> _Exercise_
The line with "50 Biscayne Blvd" through the last line of the entries: give these again exactly, and only these, without any pictures.

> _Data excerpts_

===============

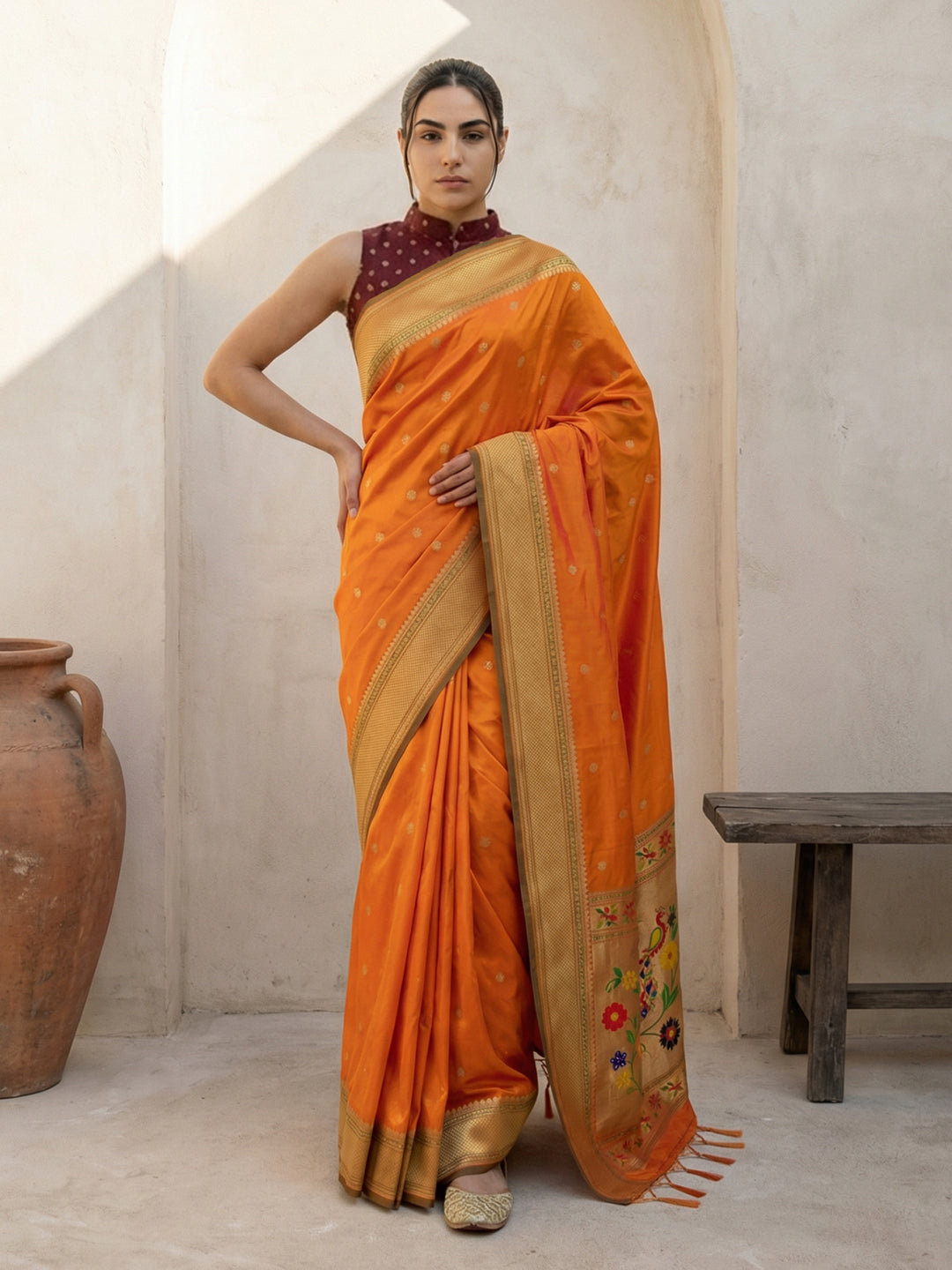 Woman wearing an orange saree with a gold border indoors.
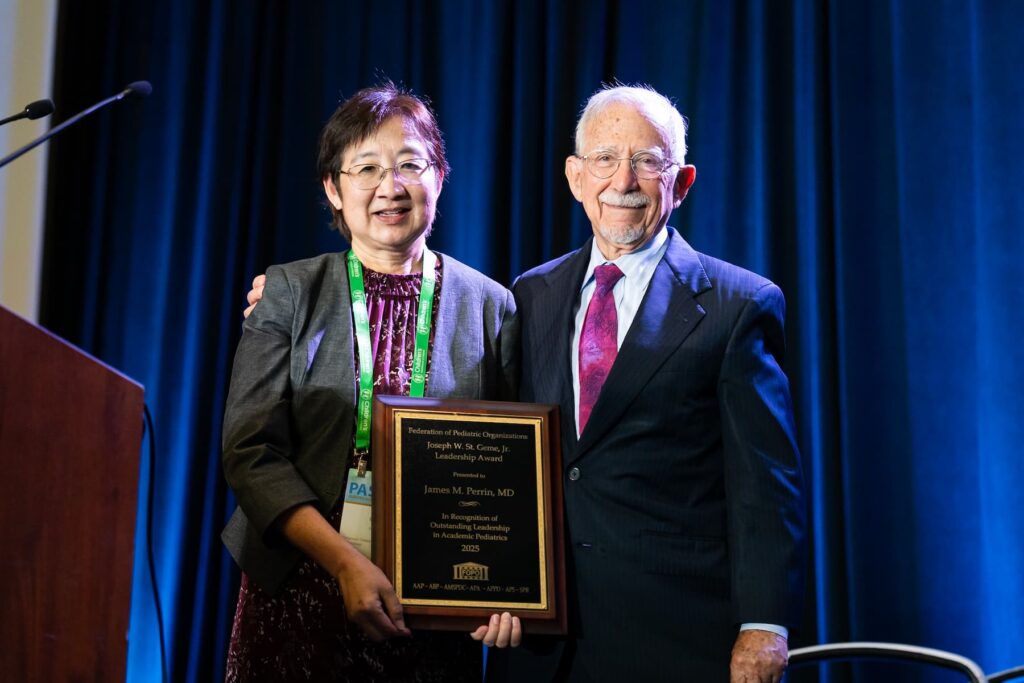 Two individuals standing together in front of a blue curtain backdrop at a conference; one person is holding a large plaque with gold text, and both are wearing formal attire with visible lanyards.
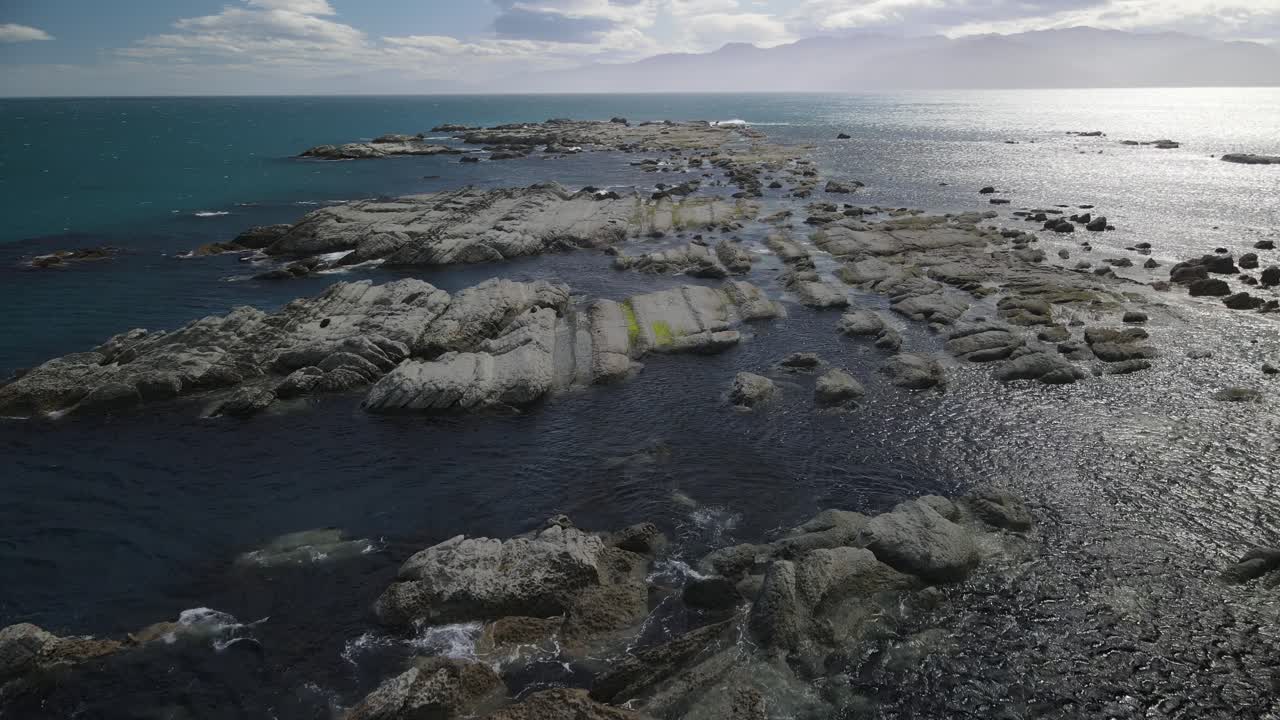 volando sobre uno de los arrecifes rocosos en kaikoura, nueva zelanda, un fantástico lugar de buceo para turistas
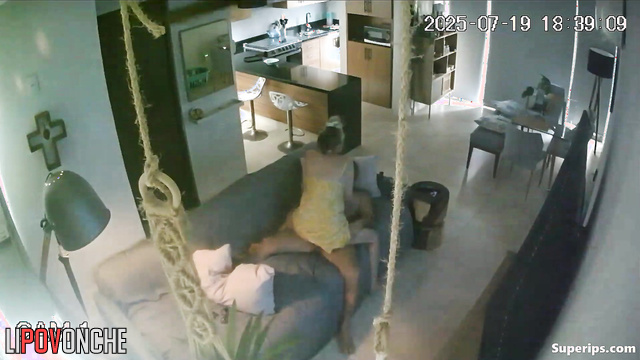 A sly blonde plays with her boyfriend's penis under his shorts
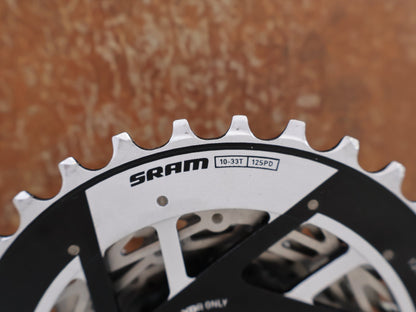 Kassette & Zahnkränze von Sram, SRAM FORCE XG 1270 E1 KASSETTE ZAHNKRANZ 10-33 ZÄHNE vor USEDBIKES-OB.DE Hintergrund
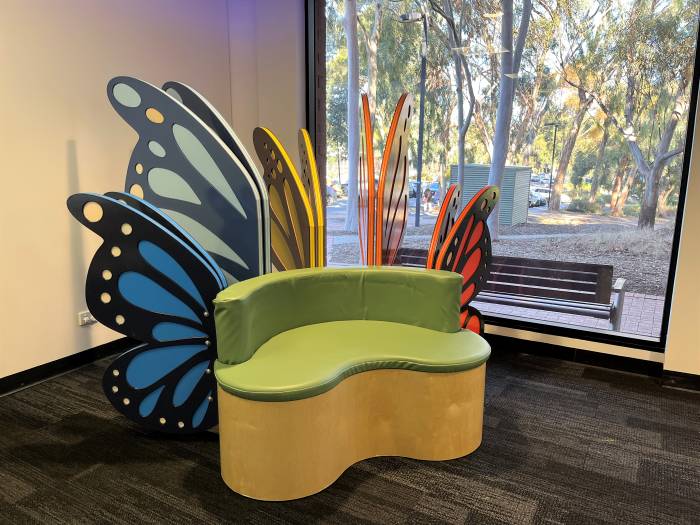 Large butterfly wings decorating the back of a soft chair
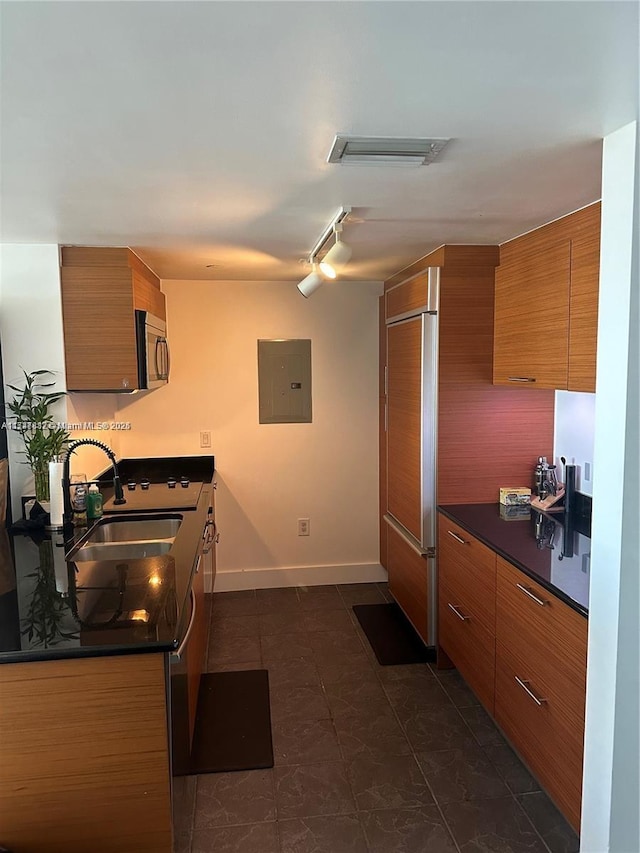 50 Biscayne Blvd Unit 3505, Miami, FL 33132 - kitchen featuring brown cabinets, a sink, electric panel, and dark countertops
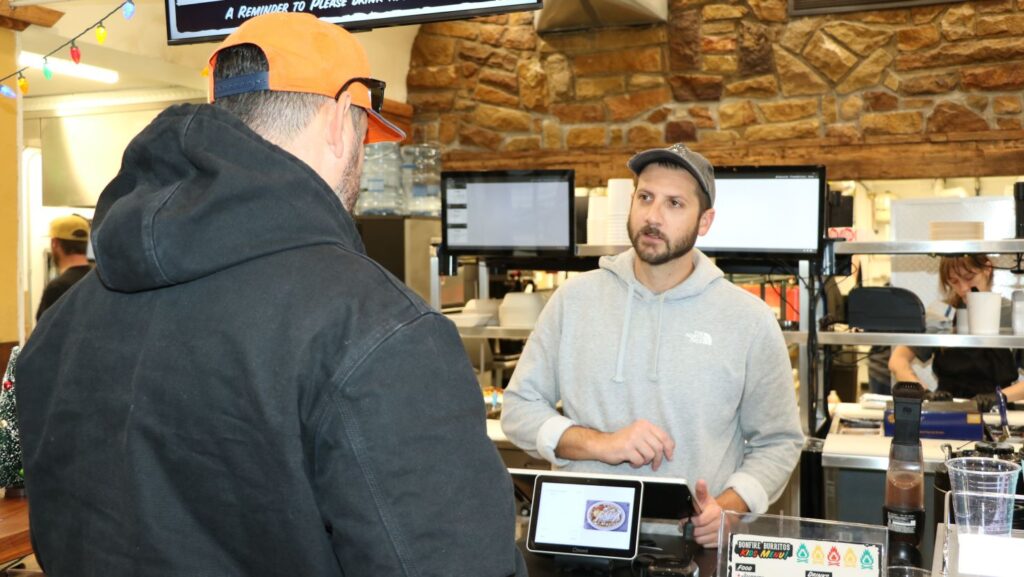 Man standing at a cash register taking a man's order at a warmly lit restaurant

===============

> _Answer section_
 50 Biscayne Blvd Unit 3505, Miami, FL 33132 - kitchen featuring brown cabinets, a sink, electric panel, and dark countertops
 Man standing at a cash register taking a man's order at a warmly lit restaurant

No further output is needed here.